> _Exercise_
Set down the data again word for word. Skip any pictures.

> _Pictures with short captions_

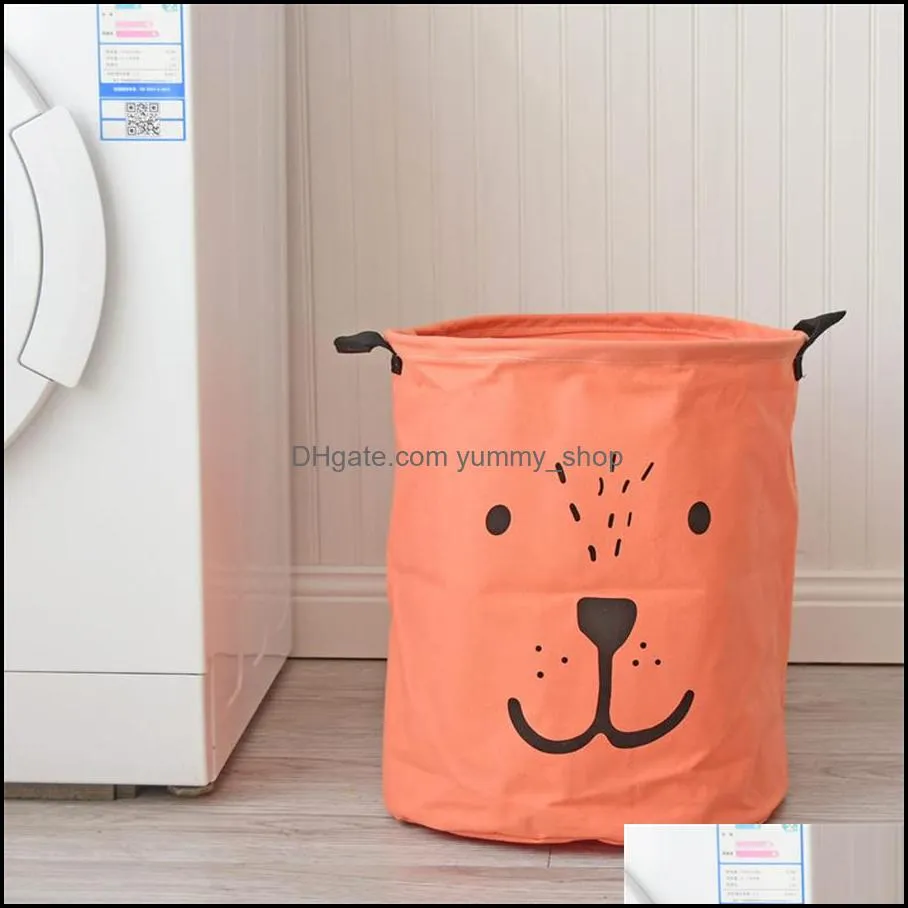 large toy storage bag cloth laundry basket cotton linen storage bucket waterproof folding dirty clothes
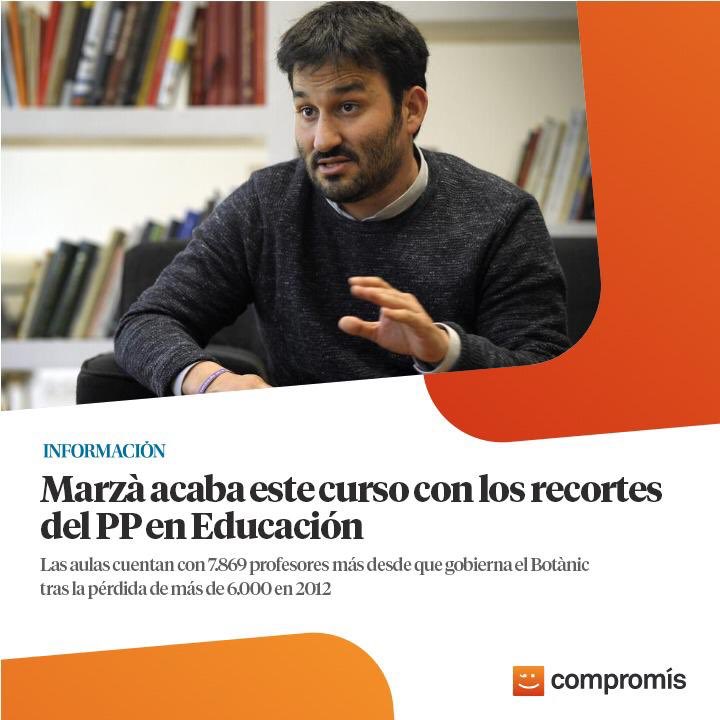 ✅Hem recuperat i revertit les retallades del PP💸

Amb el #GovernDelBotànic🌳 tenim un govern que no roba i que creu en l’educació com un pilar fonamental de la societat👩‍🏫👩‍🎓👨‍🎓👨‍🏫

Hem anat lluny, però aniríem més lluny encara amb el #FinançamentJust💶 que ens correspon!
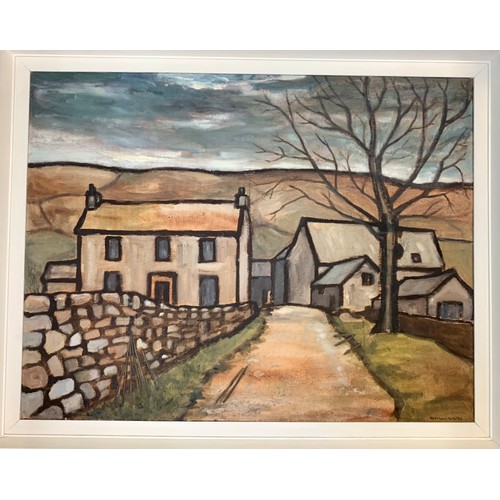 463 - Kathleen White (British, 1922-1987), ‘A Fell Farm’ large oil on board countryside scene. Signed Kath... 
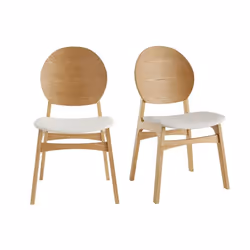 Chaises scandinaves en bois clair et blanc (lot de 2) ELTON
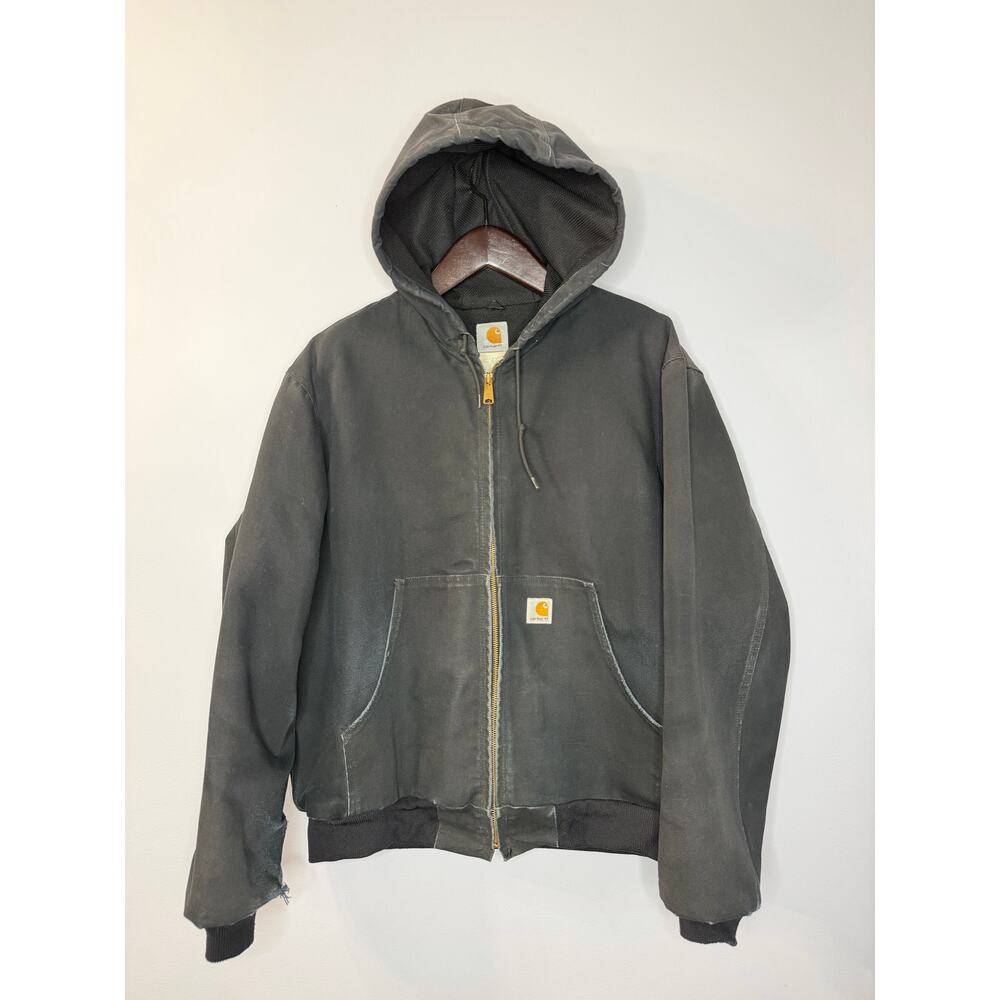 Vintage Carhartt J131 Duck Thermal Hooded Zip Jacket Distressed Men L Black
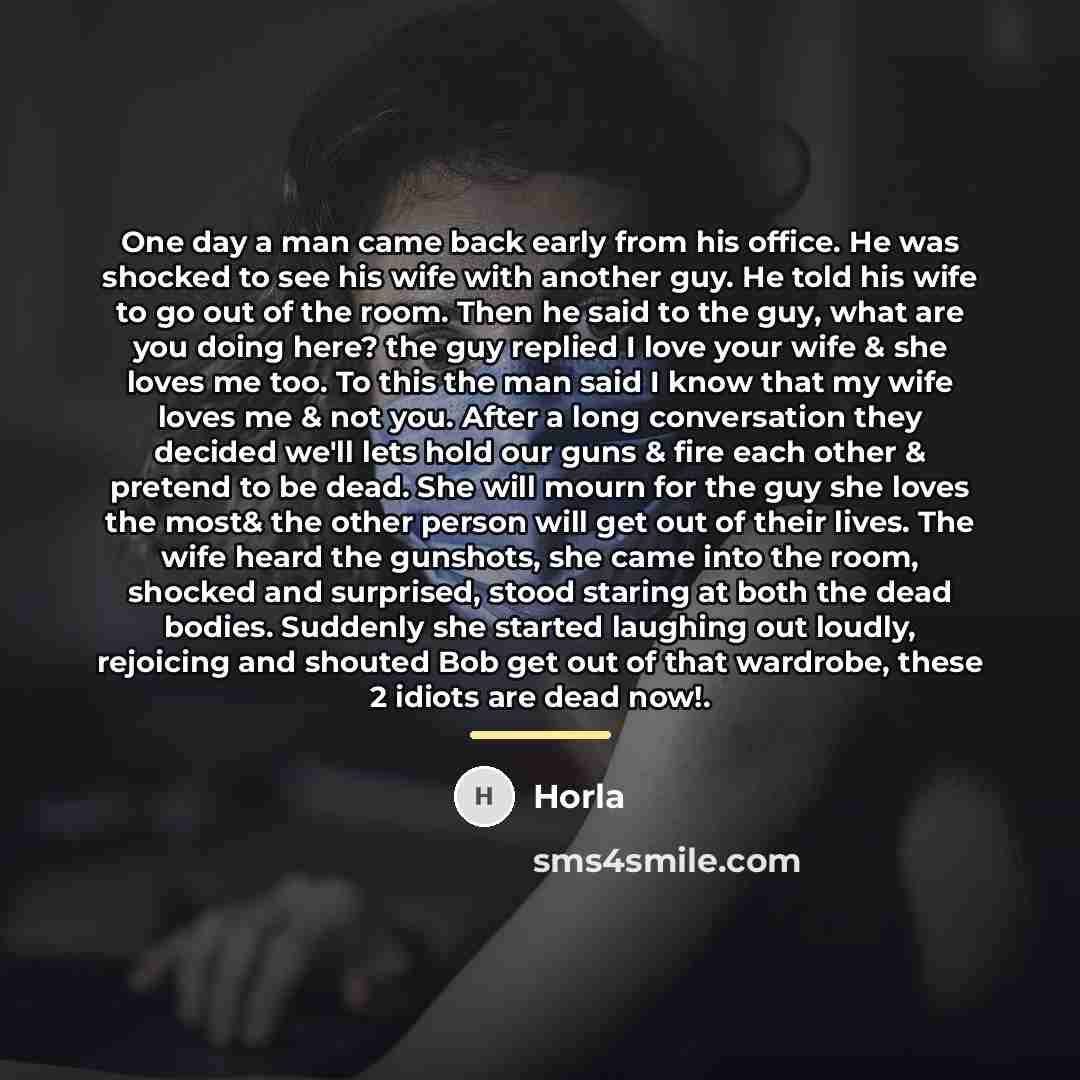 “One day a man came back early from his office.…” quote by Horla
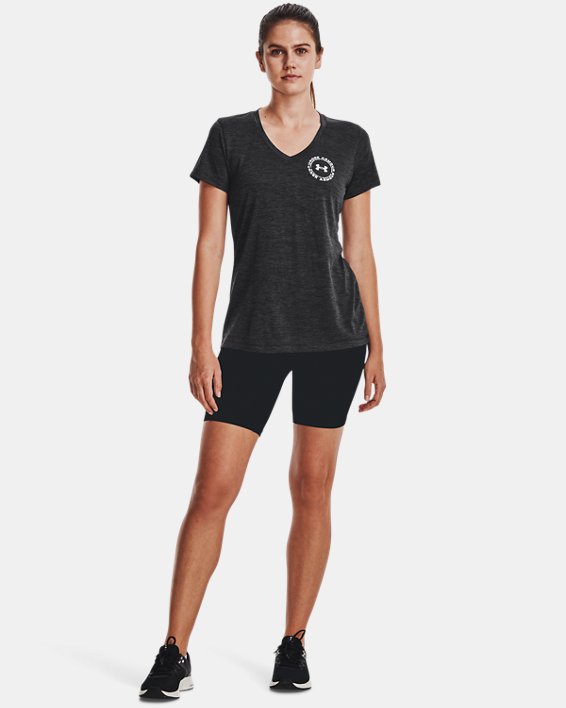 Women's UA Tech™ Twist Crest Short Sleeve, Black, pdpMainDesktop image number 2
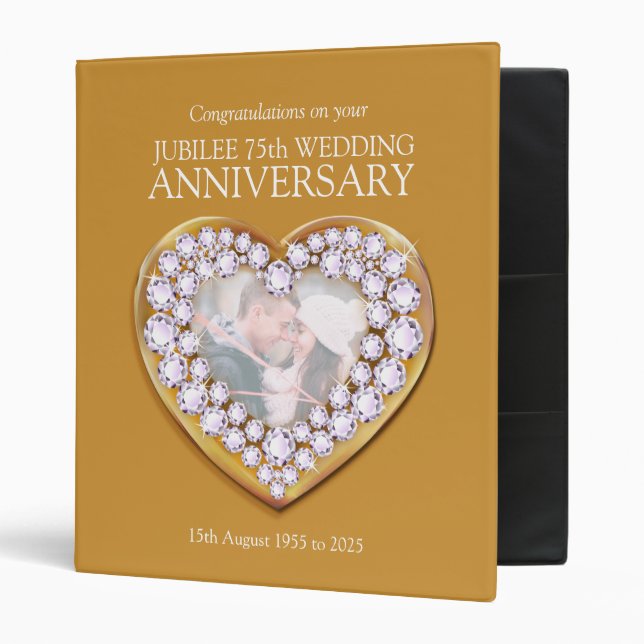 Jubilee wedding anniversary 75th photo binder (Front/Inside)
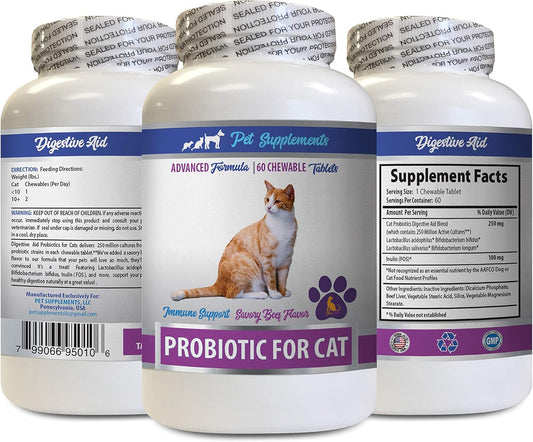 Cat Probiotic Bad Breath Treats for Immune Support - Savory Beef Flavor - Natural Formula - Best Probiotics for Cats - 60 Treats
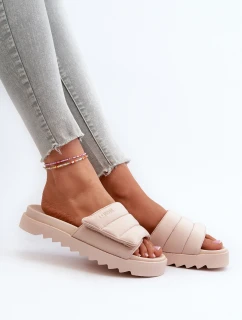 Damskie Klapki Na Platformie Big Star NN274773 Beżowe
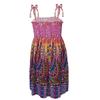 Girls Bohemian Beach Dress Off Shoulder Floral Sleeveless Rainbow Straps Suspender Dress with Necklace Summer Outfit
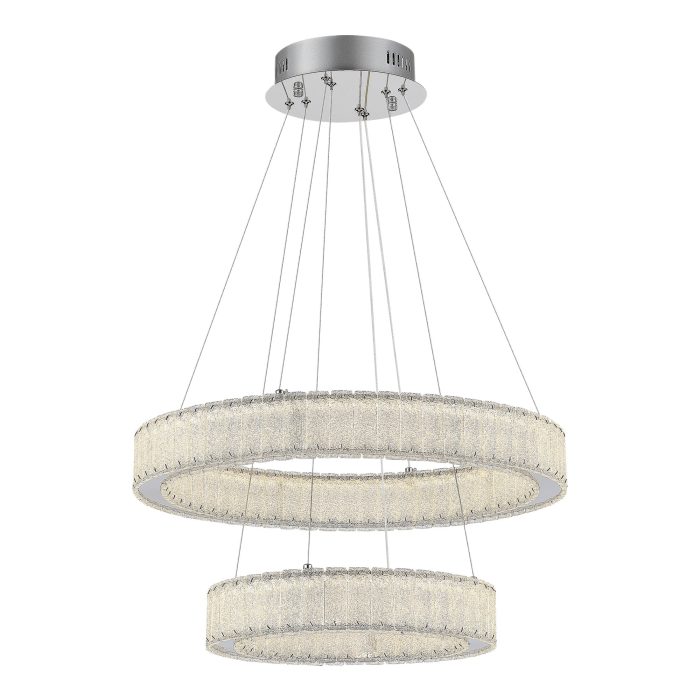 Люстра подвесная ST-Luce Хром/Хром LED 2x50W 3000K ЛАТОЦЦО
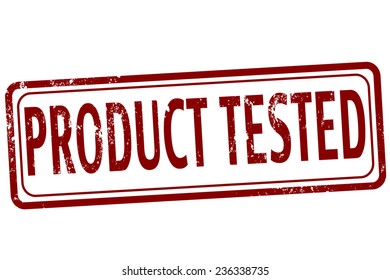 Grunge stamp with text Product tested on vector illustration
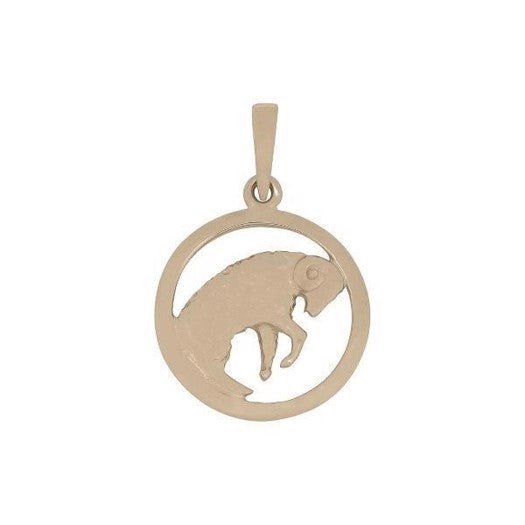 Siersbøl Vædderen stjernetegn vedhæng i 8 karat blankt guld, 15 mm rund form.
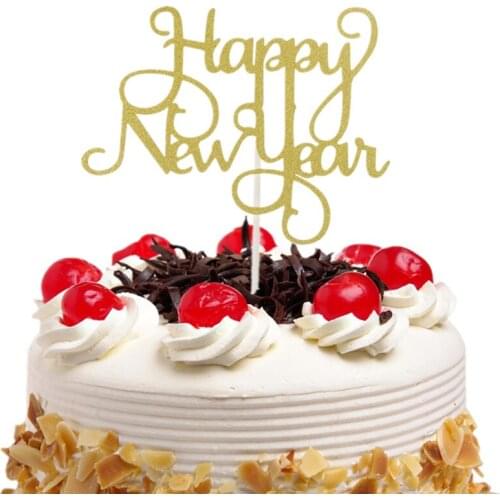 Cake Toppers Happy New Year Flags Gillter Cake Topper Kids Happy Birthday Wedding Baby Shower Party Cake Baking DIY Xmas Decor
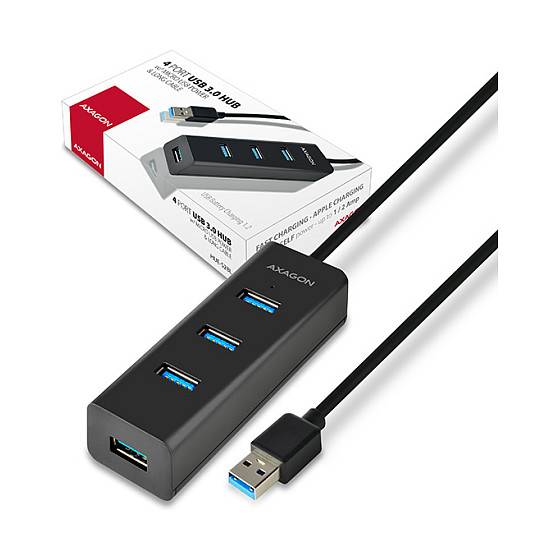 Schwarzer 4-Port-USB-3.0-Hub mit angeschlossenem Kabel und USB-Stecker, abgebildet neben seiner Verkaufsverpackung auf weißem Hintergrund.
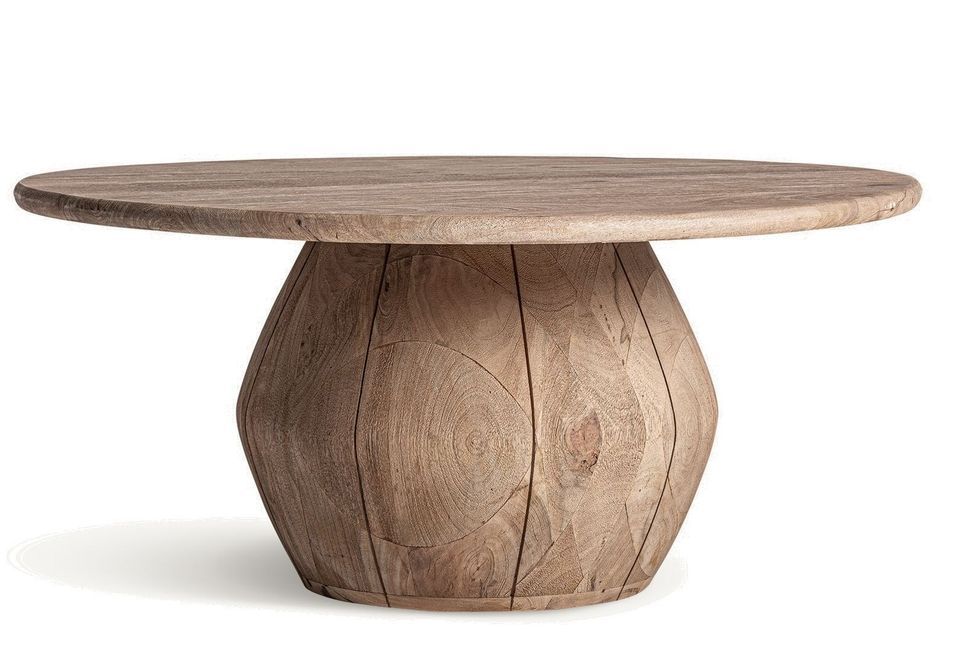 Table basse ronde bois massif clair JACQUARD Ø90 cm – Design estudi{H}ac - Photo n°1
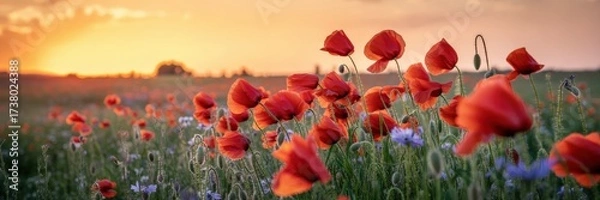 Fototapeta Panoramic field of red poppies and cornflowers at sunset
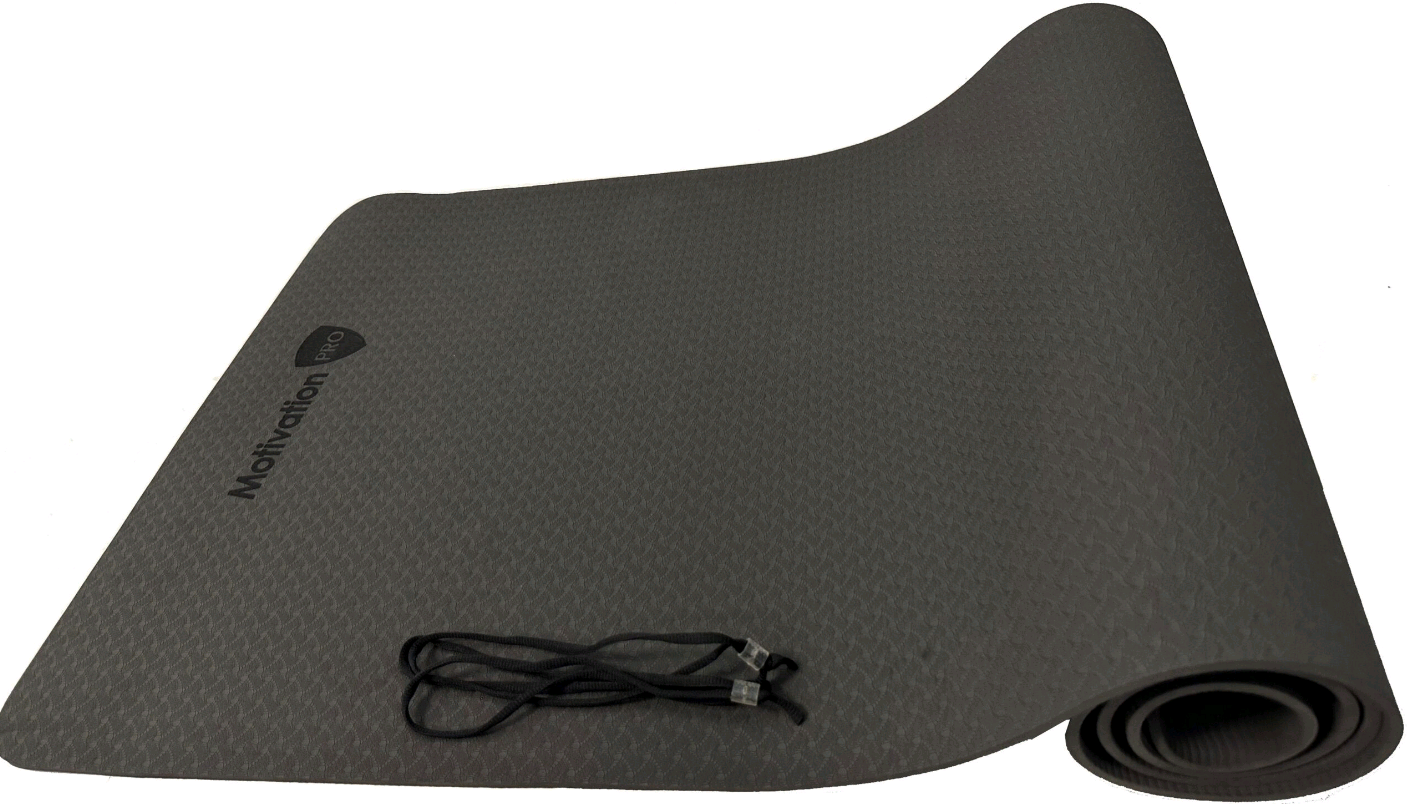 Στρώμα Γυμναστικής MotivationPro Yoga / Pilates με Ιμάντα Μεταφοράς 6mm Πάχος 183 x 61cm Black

> _Answer to this problem_
 large toy storage bag cloth laundry basket cotton linen storage bucket waterproof folding dirty clothes
 ✅Hem recuperat i revertit les retallades del PP💸

Amb el #GovernDelBotànic🌳 tenim un govern que no roba i que creu en l’educació com un pilar fonamental de la societat👩‍🏫👩‍🎓👨‍🎓👨‍🏫

Hem anat lluny, però aniríem més lluny encara amb el #FinançamentJust💶 que ens correspon!
 463 - Kathleen White (British, 1922-1987), ‘A Fell Farm’ large oil on board countryside scene. Signed Kath... 
 Chaises scandinaves en bois clair et blanc (lot de 2) ELTON
 Vintage Carhartt J131 Duck Thermal Hooded Zip Jacket Distressed Men L Black
 “One day a man came back early from his office.…” quote by Horla
 Women's UA Tech™ Twist Crest Short Sleeve, Black, pdpMainDesktop image number 2
 Jubilee wedding anniversary 75th photo binder (Front/Inside)
 Cat Probiotic Bad Breath Treats for Immune Support - Savory Beef Flavor - Natural Formula - Best Probiotics for Cats - 60 Treats
 Damskie Klapki Na Platformie Big Star NN274773 Beżowe
 Girls Bohemian Beach Dress Off Shoulder Floral Sleeveless Rainbow Straps Suspender Dress with Necklace Summer Outfit
 Люстра подвесная ST-Luce Хром/Хром LED 2x50W 3000K ЛАТОЦЦО
 Grunge stamp with text Product tested on vector illustration
 Siersbøl Vædderen stjernetegn vedhæng i 8 karat blankt guld, 15 mm rund form.
 Cake Toppers Happy New Year Flags Gillter Cake Topper Kids Happy Birthday Wedding Baby Shower Party Cake Baking DIY Xmas Decor
 Schwarzer 4-Port-USB-3.0-Hub mit angeschlossenem Kabel und USB-Stecker, abgebildet neben seiner Verkaufsverpackung auf weißem Hintergrund.
 Table basse ronde bois massif clair JACQUARD Ø90 cm – Design estudi{H}ac - Photo n°1
 Fototapeta Panoramic field of red poppies and cornflowers at sunset
 Στρώμα Γυμναστικής MotivationPro Yoga / Pilates με Ιμάντα Μεταφοράς 6mm Πάχος 183 x 61cm Black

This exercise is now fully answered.